# Solid Orange Galact sexing



## Spectre66 (Apr 27, 2009)

I'm hoping to get some advice from some folks more experienced with Galactonotus. I have a Trio of solid orange Galacts about 3 years old, that I purchased from Steven Timms(Tripod) a few months ago and I'm just now getting to trying to pair them up for breeding. As far as I've seen and as far as Steven saw these three haven't called at all, and all 3 have some wrestling matches from time to time. In the absence of calling, we came to the conclusion that they must be female.

Now, I managed to find a proven male, or at least advertised proven male. I don't mean to imply that the guy lied to me because I doubt he would, however I'm seeing opposite what I expected. So far I've had the male for a couple weeks in his own terrarium for observation, got back clean fecals, so I decided to go ahead and start introducing a single female into his temporary tank to see if there is a reaction. Fairly quickly he wrestled her to the ground into submission. I separated them, and not too long later it happened again. No calling, visible or audible just wrestling.

So... with the absence of calling, that i can hear or see... is it possible they are all males, and they aren't calling in the absence of a female? Or is it more likely that I have 4 females?

Any suggestions on sexing these guys is greatly appreciated. I know its a tough task for the most experienced which is why I'm hoping someone can guide me in the right direction.

Thanks,


----------



## jeffr (May 15, 2009)

Believe it or not, look at the toe pads.


----------



## Spectre66 (Apr 27, 2009)

What am I looking for? same as Tincs? if I have all one or the other I don't have a good reference for comparison.


----------



## Nick (Feb 19, 2008)

Leo,
I have three pairs and have just started getting clutches from the oldest pair. I have never witnessed any wrestling behaviour between the pairs but have read that it can happen between a 1.1 pair.
What I have seen is more akin to tinc breeding behaviour where the male calls and the female follows him around rubbing on him until they retire to the breeding hut to hopefully lay me a nice clutch of eggs. 
I have limited experience with this species, so others with more such as EricM should be able to respond with more info.
I find that females are more rotund than males, and the males tend to be smaller in length and less stockier. Some boys also have larger front toepads although this isn't always the case.
Female pictured first, male second
Nick

female


----------



## jeffr (May 15, 2009)

Yes same as tincs. Also body size. The pics aren't the greatest but pick the male. How old are yours?


----------



## Spectre66 (Apr 27, 2009)

They're all 3+ years old. I need to take pictures and post them up for you guys to take a look at. the new presumed male frog is definitely skinnier than the other 3.


----------



## DougP (Feb 9, 2010)

I can't offer much help but I would think that you should have heard some calling if you had a male. I have a group (4) of 75% Orange Galacts that are about 8 months old and have already heard calling. I don't expect breeding anytime soon, maybe next summer. The call was quite but audible with the tank closed.

Doug


----------



## Manuran (Aug 28, 2007)

Hi Leo,
I'm hoping that these pictures might help. The toes as others have mentioned are a good way to tell the sexes. Unfortunately it is not as obvious as it is in many forms of Dendrobates tinctorius or auratus. Also this trait varies from individual to individual. In some males it is obvious and in others not so much. 
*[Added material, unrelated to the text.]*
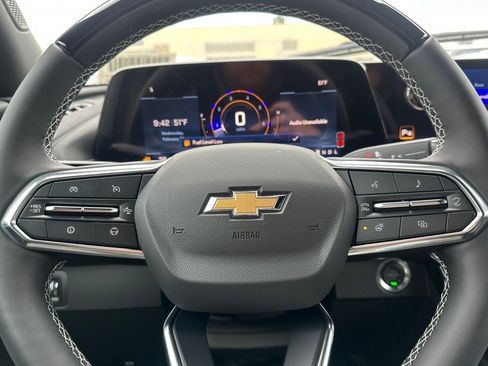 New 2025 Chevrolet Traverse LT w/ Enhanced Driving Package image 28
I keep my Solid orange galacts together as pairs and I never see any wrestling. They have been set up for 10 years now, so they may have just worked things out years ago. lol Also, while the soft call is audible if you are in the same room, they are not very vocal animals, and it is easy to miss them calling. Anyway, the males tend to be a little smaller in size and as mentioned earlier, the toepads are larger giving the front feet a more exaggerated appearance. It is slight, but it is there, especially if they are side by side. I tried to get them to pose on the paper at the same time, with no luck. Anyway, I hope this helps.
The first picture is the male, while the second is the female.


Apologies to Nick. I just re-read Nick's post and am just repeating everything he already said. lol


----------



## Spectre66 (Apr 27, 2009)

I waited to take pictures this am before feeding that way there was no buldging bellies making it harder to sex... What do you guys think? This is the presumed male and one of the females, the one he wrestled with.
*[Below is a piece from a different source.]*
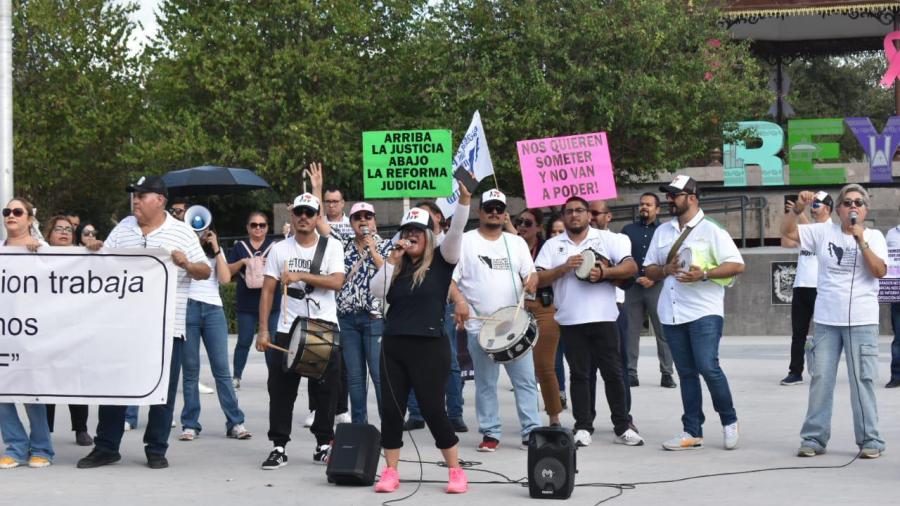 Trabajadores del PJF se manifiestan frente a presidencia contra reforma judicial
Best pictures I could get this morning, I didn't have much time.


----------



## ggazonas (May 11, 2008)

I have 3 male 75% galacts and they wrestle all the time so you may actually have all males instead of all females....also like said before calling is very low and can be missed easily. I had my yellow galacts breeding before I ever heard any calling from the male.

Good luck


----------



## ESweet (Apr 13, 2009)

I find that Adelphobates are generally the least sexually dimorphic poison dart frogs and are difficult to sex. The quiet call doesn't help any. Looking at toe pads can help, but this is not very reliable. I've seen females with toe pads of a male and vice versus. If you have not heard any calling AND you've spent a lot of time close to their enclosure, I would recon they are all females.
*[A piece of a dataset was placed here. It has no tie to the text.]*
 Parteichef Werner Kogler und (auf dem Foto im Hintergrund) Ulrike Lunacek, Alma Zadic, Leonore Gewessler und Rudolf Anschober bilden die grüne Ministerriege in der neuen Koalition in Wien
First thing I would do is play a recorded call to them and see what sort of response you get. If you can't figure anything from this, I would split them up to two pairs and provide standard breeding conditions for two months. If you have no courting /breeding, switch them up again and give them another two months. This should get some questions answered.


----------



## Nick (Feb 19, 2008)

Leo,
Looks to be a pair to me based off of body stucture, female top, male bottom pic.

Chuck,
No appolgy needed, you have far more experience with them than I do!


----------



## Spectre66 (Apr 27, 2009)

well, let the experimentation begin then... the hardest part of this for me will be to find something that I can tell them all apart by.


----------



## guppygal (Aug 23, 2007)

Is the first pix female, 2nd male? That's the way it appears to me if we're going by toes, body shape -


----------



## ESweet (Apr 13, 2009)

Spectre66 said:


> well, let the experimentation begin then... the hardest part of this for me will be to find something that I can tell them all apart by.


Yeah, that's the fun part! It's more difficult with the solid morphs - at least some of the others throw a little more variation


----------